By Ryan McGreal. 571 words. Approximately a 1 to 3 minute read.
Posted October 11, 2024 in Blog.

I have a pet theory that fascism rears up every time there is a transformational new communications medium and the fascists are able to exploit the lack of filters and protections in the new medium. Over time, as people and systems adapt, the fascist impulse gets downregulated again.

But this time, for various reasons, the systems that operate our new communications media are actually doing progressively less to filter, downregulate and protect against fascism, not more, as they mature. This is both fascinating and terrifying.

On Facebook, they decided to take the easy way out and deprioritize or outright block all news reporting indiscriminately, instead of trying to filter the reliable news from the propaganda and disinformation. The result is that an entire cohort of social media consumers get almost no news whatsoever now.

Xitter, um, decided to go a different route. That site actively incentivizes the worst kinds of disinformation and even pays propagandists to spread it through revenue sharing. And its owner is out there every day promoting and boosting insane fascist conspiracy theories.

(And not for nothing, but he has also spent tens of millions of dollars funding a Super PAC that supports Republican campaigns and especially the Republican presidential candidate.)

Media sharing sites like YouTube, Instagram and TikTok have opaque algorithms that promote content based not on accuracy but on emotional intensity and similarity to previously viewed content. This has the effect of serving as an intake funnel into increasing radicalization.

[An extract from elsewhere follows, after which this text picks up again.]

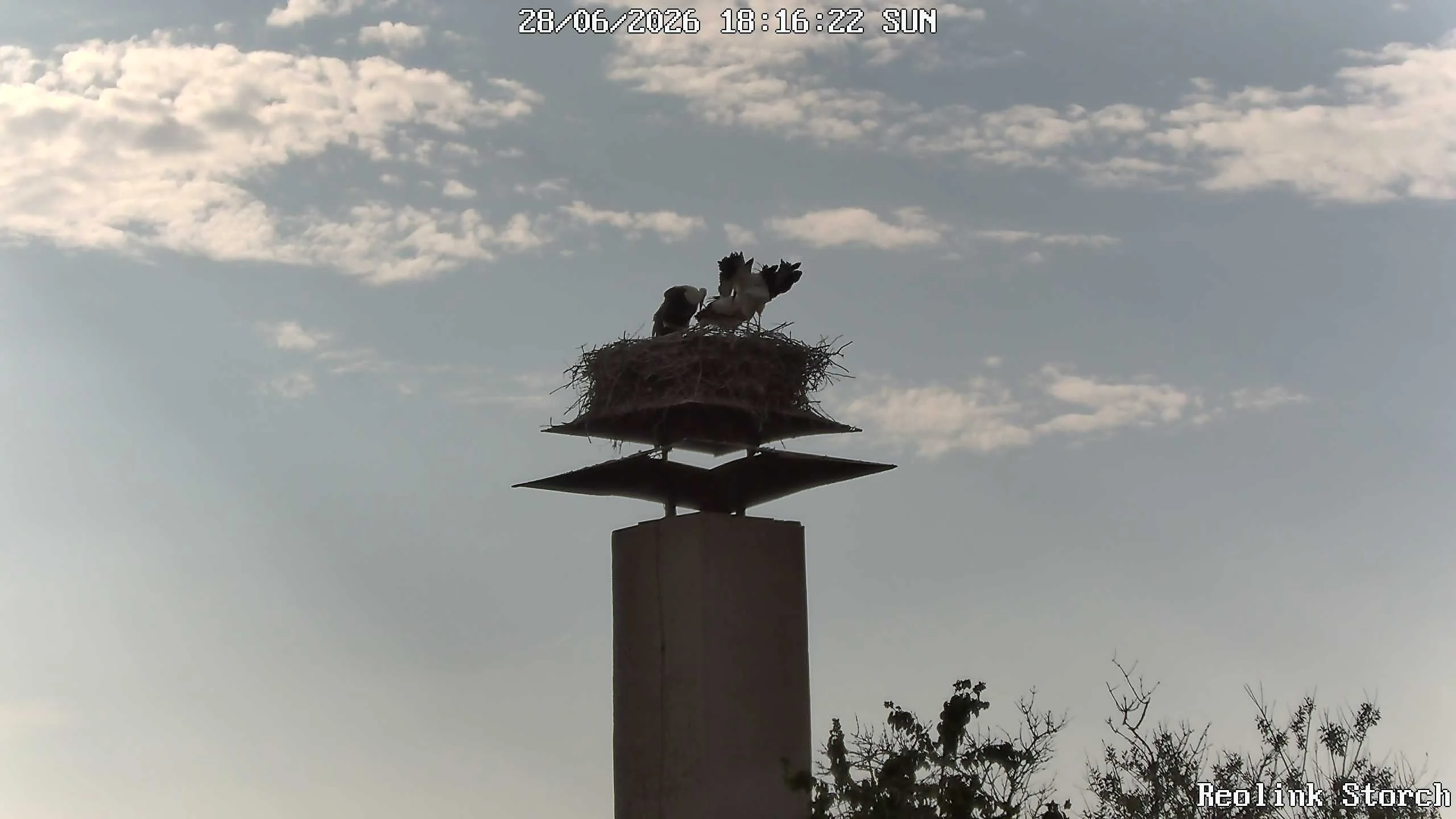 Storchencam Bild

The legacy news media are struggling to compete for attention with these new media platforms, and tend to lean into their own forms of sensationalism to try and remain relevant. In addition, squeezed for revenue, these companies are cannibalizing themselves, which further reduces their quality and reliability and make them a target of claims that the news media can’t be trusted.

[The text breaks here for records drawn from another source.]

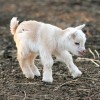 baby-goat-17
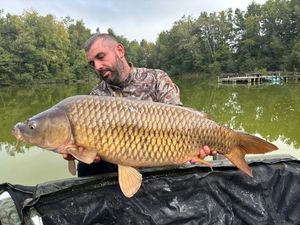Common Carp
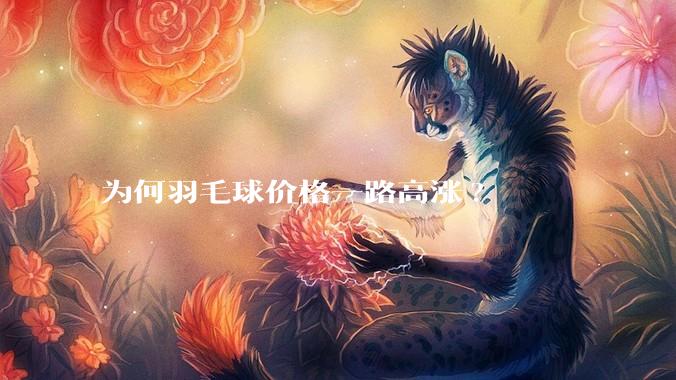 为何羽毛球价格一路高涨?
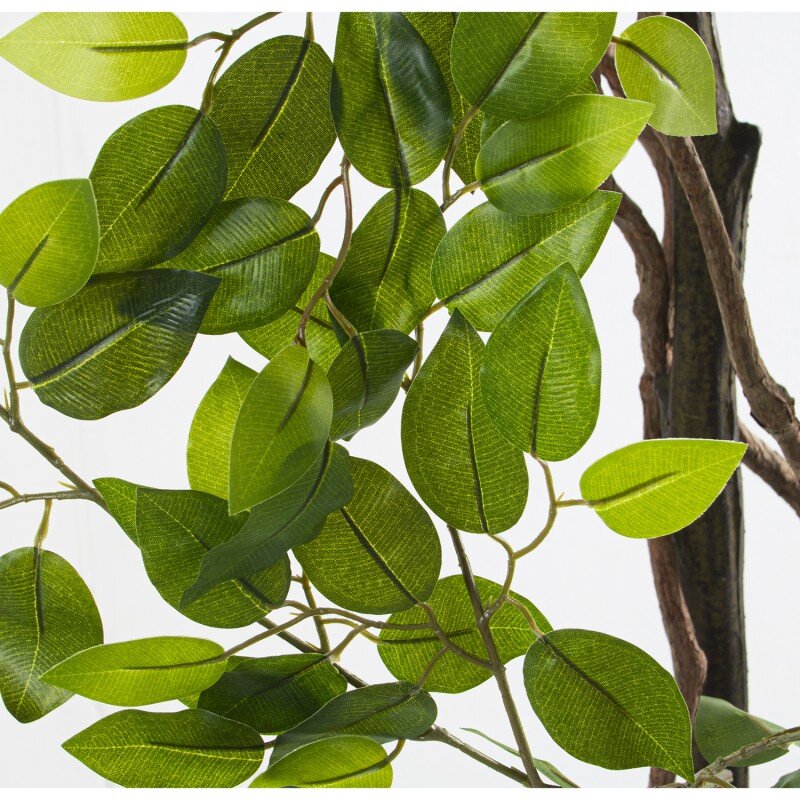 Planta Artificial Pu Ficus 160 Cm. - Image 5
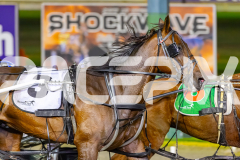 2026_PACEPIX_GP21042026_RACE9_LetsRattlnroll_WIN_WEB-12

To the extent that democracy requires a reasonably literate, well informed electorate, this media landscape is very bad news.

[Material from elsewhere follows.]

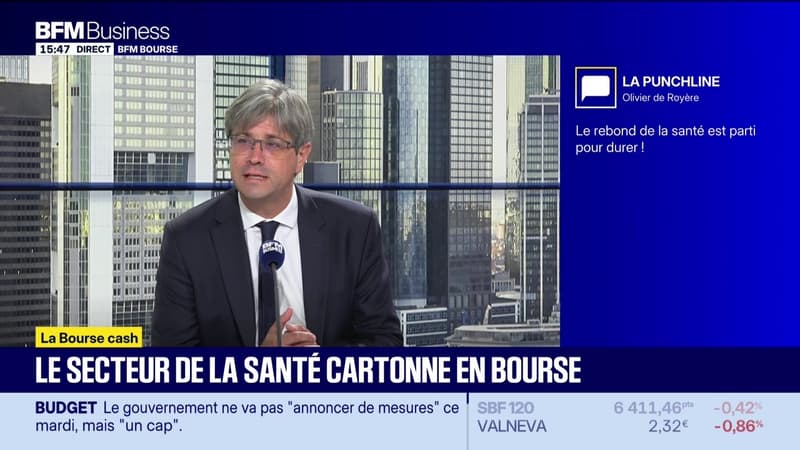 La bourse cash : "Le rebond de la santé est parti pour durer" - 06/07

In the past, the mainstream media were a primary line of defence against rising fascist sentiment. The fascists themselves understand this, which is why they attack the legitimacy of the media so relentlessly and invest so heavily in creating their own parallel networks.

Essentially, today’s major media networks are all either: (a) recoiling from their responsibility to be a bulwark against disinformation; (b) losing the capacity to serve this role; or else (c) actively working to promote the disinformation and propaganda they are supposed to be guarding against.

It’s bad. Really bad.

In a not-crazy media environment, it would be unimaginable for the election between Kamala Harris and Donald Trump to be a statistical tie. In a not-crazy media environment, Trump would never have gotten within several miles of the nomination for one of the two major national political parties.

But that’s not the media environment we live in.

No matter who wins in November, a huge share of Americans inhabit a funhouse mirror view of the world. Bringing them back into some kind of shared understanding of reality is going to be a huge challenge under any media context, but probably impossible if the media platforms refuse to help.

I would like to end on a hopeful note, and it is this: we are not the first generation to face this challenge, and we can learn from how previous generations responded to it. Our media environment is new, but the basic task remains: to figure out how as a society we can agree on what is real.